Connecticut’s municipal leaders are watching closely to see how swiftly —if at all — lawmakers and Gov. Dannel P. Malloy release $30 million in promised-yet-withheld capital improvement funds for cities and towns once the new legislative session gets underway.
For the Connecticut Conference of Municipalities and the Council of Small Towns, the disputed funds are the figurative canary in the coal mine.
If state officials renege — a move that wouldn’t lessen the current state budget deficit by one penny but would disrupt hundreds of local projects this spring — it could be a sign communities are in for an even rougher ride over the next two fiscal years when state finances are in worse shape.
“We cannot get Connecticut straightened out, we cannot spur on our economy, without having predictability in our budgets,” said Joe DeLong, CCM’s executive director.
“This needs to get done almost immediately,” said COST Executive Director Betsy Gara. “They need to work together cooperatively and swiftly to ensure the money is in place to fund these critical projects.”
What is at stake are millions of dollars’ worth of planned improvements to roads, bridges, sidewalks, municipal facilities, and various local economic development projects.
Through the Local Capital Improvement Program (LoCIP), Connecticut reimburses communities for a portion of these projects’ costs, using a pool of borrowed funds established many years ago.
But since 2004, legislatures and governors have been adding annually to the pool of funds, while sometimes drawing larger amounts out to pay for local projects.

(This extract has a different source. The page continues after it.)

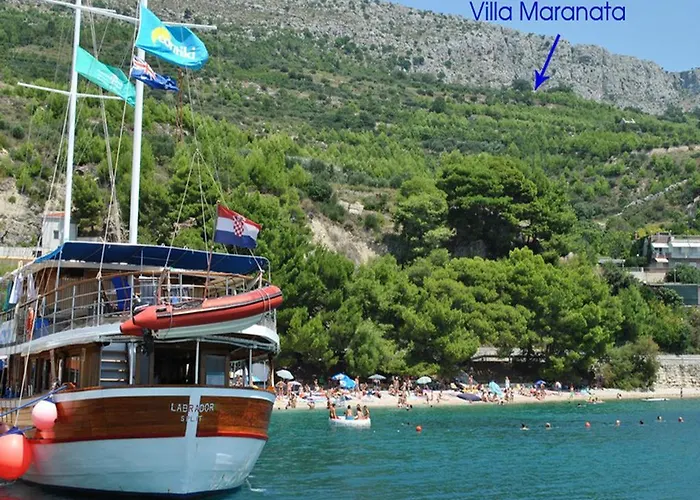 Maranata-5 Stars-pool-spa-gym-free Parking-privacy Villa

But while the current budget was enacted in May, and the fiscal year began July 1, state government notified local officials on Dec. 29 — halfway into the fiscal year and with the busy spring construction season still ahead — that LoCIP funding essentially had dried up. Unless the fund is replenished by issuing more bonds, cities and towns will receive about $30 million less than planned.
“It is really disheartening,” said Coventry Town Manager John Elsesser, president of COST. “Clearly they (state officials) should have known last year when they adopted the budget that they needed this (supplemental) bonding authorization.”
Elsesser said LoCIP funds for his town — if received — would be dedicated for a bridge deck replacement, a new irrigation system and other athletic field work, and various small drainage and culvert repairs.
Coventry officials planned to begin the work in mid-March, he added, meaning design and other preparations already are underway.
Local leaders will be at the Capitol this week urging restoration of the LoCIP funds, Elsesser said, adding that “otherwise they (state officials) were just lying to go us going into the election.”
Chris McClure, spokesman for Gov. Dannel P. Malloy’s budget office, said the administration sent out word “as soon as we were able to accurately predict the full use of the authorized funds for this fiscal year.”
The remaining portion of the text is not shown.